▸ Supplied entries

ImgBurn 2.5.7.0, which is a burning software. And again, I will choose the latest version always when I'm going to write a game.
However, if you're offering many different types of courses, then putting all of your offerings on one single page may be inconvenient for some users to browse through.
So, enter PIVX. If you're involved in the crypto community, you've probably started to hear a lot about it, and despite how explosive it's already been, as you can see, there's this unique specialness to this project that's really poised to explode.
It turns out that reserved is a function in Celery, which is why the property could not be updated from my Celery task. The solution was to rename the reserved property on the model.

==

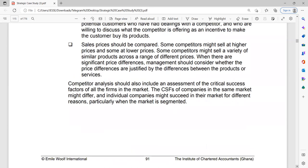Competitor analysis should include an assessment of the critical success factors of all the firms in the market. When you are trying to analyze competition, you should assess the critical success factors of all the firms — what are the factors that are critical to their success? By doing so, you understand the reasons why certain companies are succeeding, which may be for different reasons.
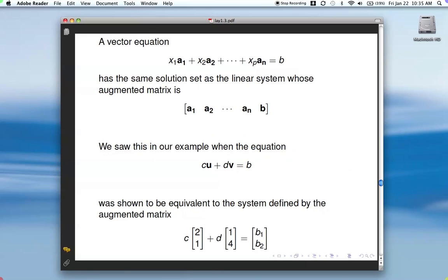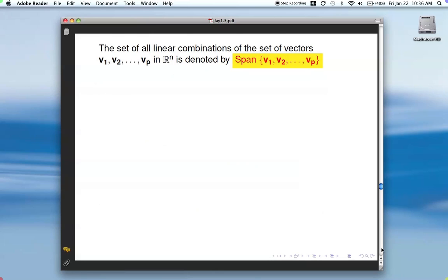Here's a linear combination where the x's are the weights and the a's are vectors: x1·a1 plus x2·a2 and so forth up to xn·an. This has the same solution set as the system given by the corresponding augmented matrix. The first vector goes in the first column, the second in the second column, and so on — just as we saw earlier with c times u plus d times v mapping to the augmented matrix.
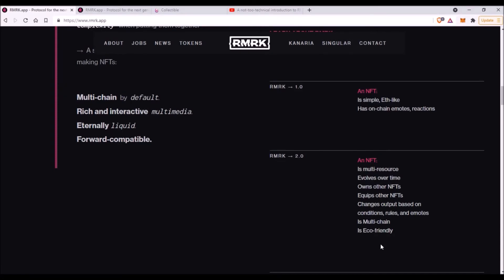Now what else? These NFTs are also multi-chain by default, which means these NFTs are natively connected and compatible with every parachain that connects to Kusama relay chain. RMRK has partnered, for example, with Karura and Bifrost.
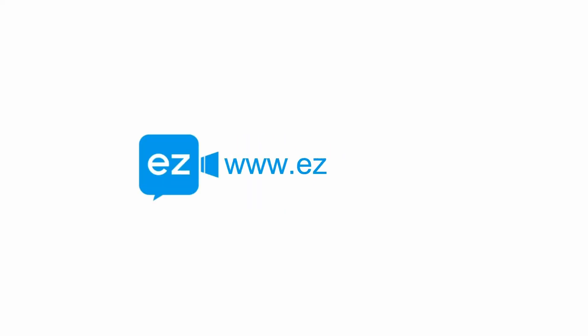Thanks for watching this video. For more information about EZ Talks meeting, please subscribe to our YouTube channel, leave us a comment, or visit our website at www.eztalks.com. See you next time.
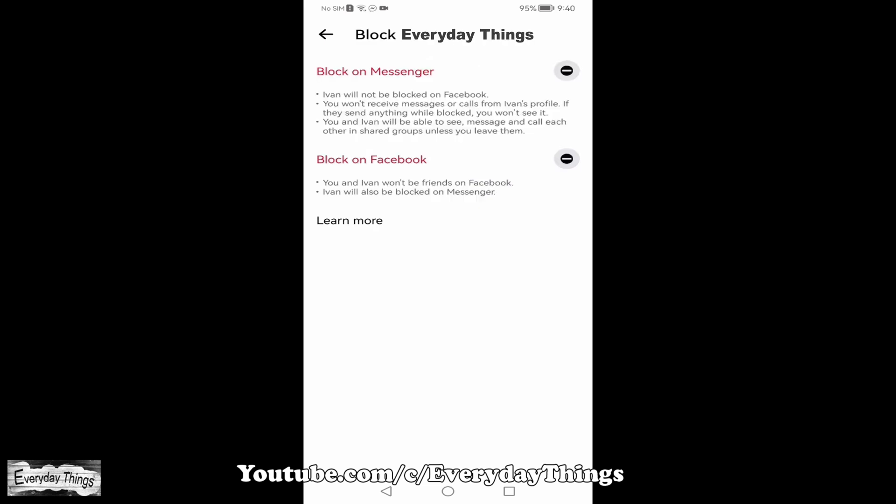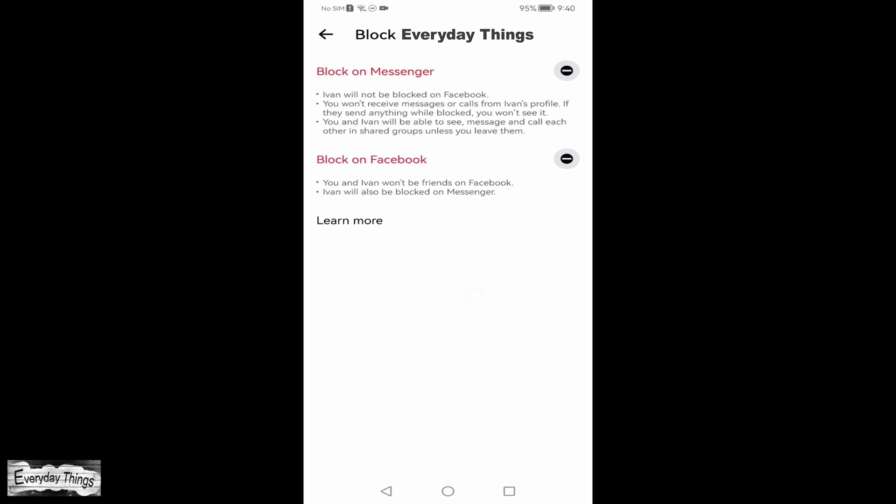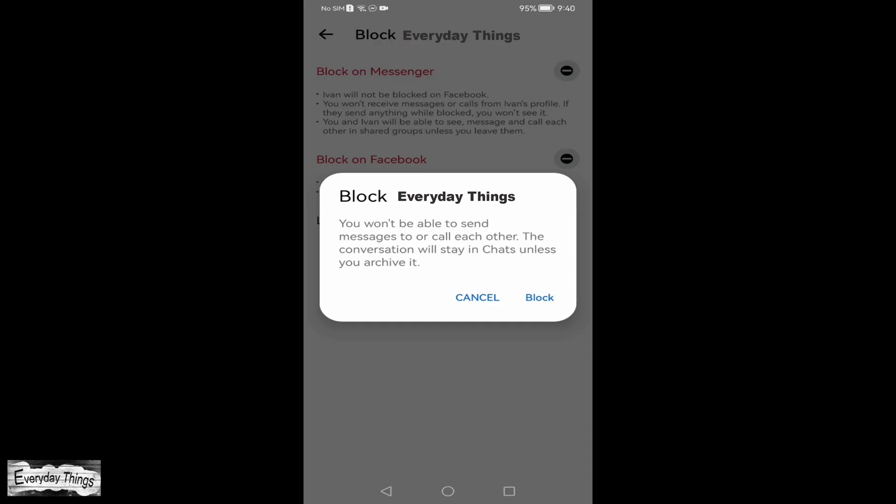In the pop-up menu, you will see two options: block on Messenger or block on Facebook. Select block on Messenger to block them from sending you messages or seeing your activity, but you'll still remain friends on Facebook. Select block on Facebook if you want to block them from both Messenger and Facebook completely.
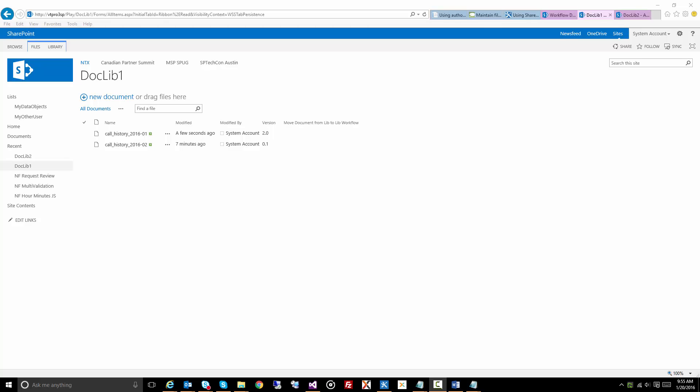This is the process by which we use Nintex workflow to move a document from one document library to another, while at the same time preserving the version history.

▸ Problem
Among the entries above, copy exactly the stretch from the line holding "In the pop-up" through the line holding "This is the", leaving out any pictures.

▸ Task solution
In the pop-up menu, you will see two options: block on Messenger or block on Facebook. Select block on Messenger to block them from sending you messages or seeing your activity, but you'll still remain friends on Facebook. Select block on Facebook if you want to block them from both Messenger and Facebook completely.
This is the process by which we use Nintex workflow to move a document from one document library to another, while at the same time preserving the version history.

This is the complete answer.